Podacto döneminden beri tanıdığımız yazarlara ulaştık, ellerindeki hazır metinleri okuduk, sıfırdan yazılmasını rica ettiğimiz bazı metinler de oldu. Daha sonrasında da dijital ve analog dünyaları bir araya getirebileceğine inandığımız bir yönetmen olan Ferit Katipoğlu’na götürdük projeyi.
Sizce izleyici ve dinleyicinin bu yeni tiyatro deneyimiyle ilişkisi nasıl ilerleyecek? Sahnede oyun izlemenin hissi bambaşka olsa da yenilikleri takip etmek isteyen tarafımız da kolayca adapte oluyor sanki…
Önümüzdeki sezonda Podacto Stüdyo’nun “canlı”sını hayata geçirmek istiyoruz. Seyircinin de bir katman olarak sürece dahil olduğu bir sahne ortamında canlı olarak oyunun sahnelenmesi için çalışıyoruz. Bunun için de metin ve reji çalışmalarımıza başladık, ilerleyen dönemlerde hızlanarak devam edeceğiz.
Podacto’nun gündeminde başka neler var?
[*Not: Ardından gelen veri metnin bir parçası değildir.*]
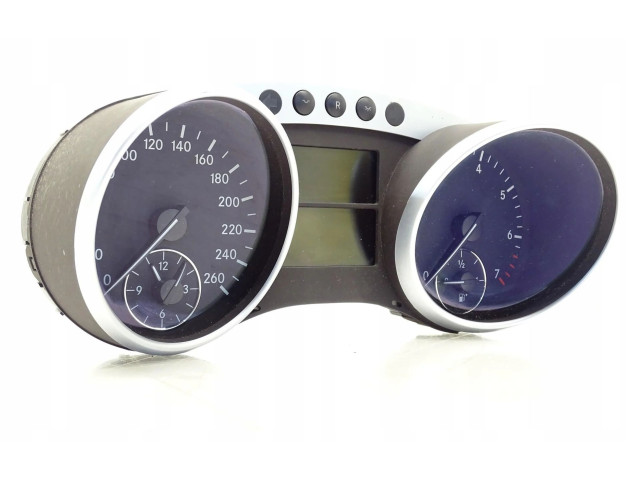 Панель приборов A2515408747   Mercedes-Benz R W251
Yakın gelecek için planlarınız neler?
Dijital tiyatro kitaplığımız şu anda 90 oyun civarında, genişletmeyi hedefliyoruz. Kitaplığımıza çok dilli bir yapıyı katabilir miyiz noktasında yurtdışından katkı sağlayabilecek paydaşlar ile de görüşmelerimiz sürüyor.